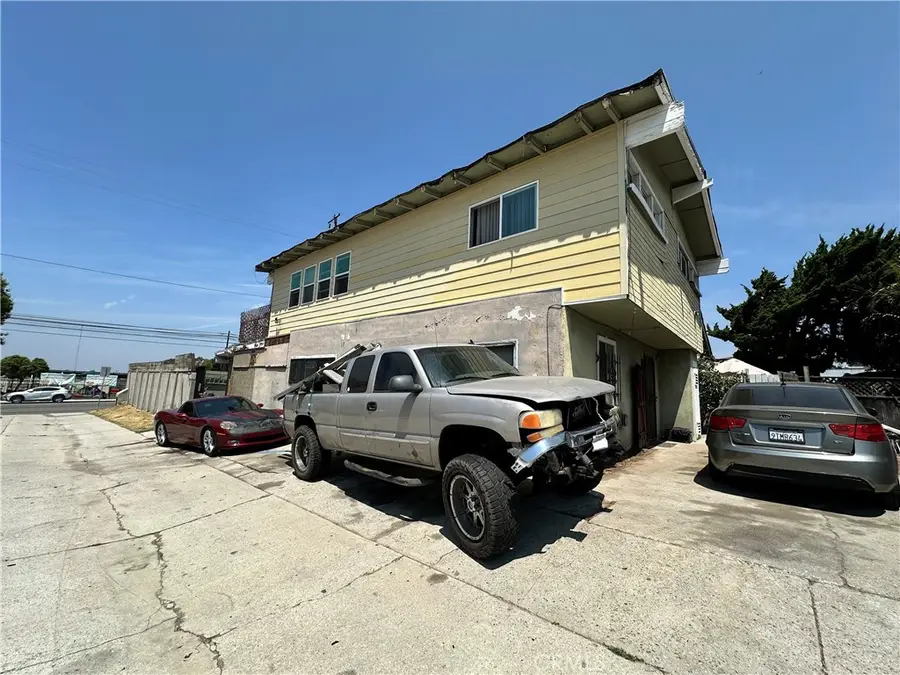 2238 Walnut Avenue, Signal Hill, CA 90755 - #3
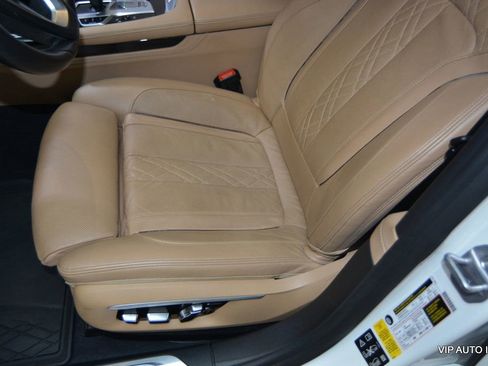 Used 2017 BMW 750i xDrive AWD/4WD image 21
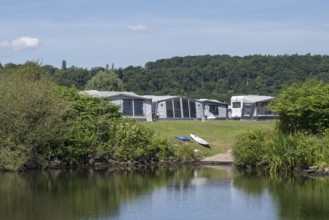 Caravan with awning on the banks of the Ruhr, campsite, Mülheim an der Ruhr, Rurgebiet, North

What needs to be done |
Return every line shown above without changing a word, and skip the pictures.

Task response |
 2238 Walnut Avenue, Signal Hill, CA 90755 - #3
 Used 2017 BMW 750i xDrive AWD/4WD image 21
 Caravan with awning on the banks of the Ruhr, campsite, Mülheim an der Ruhr, Rurgebiet, North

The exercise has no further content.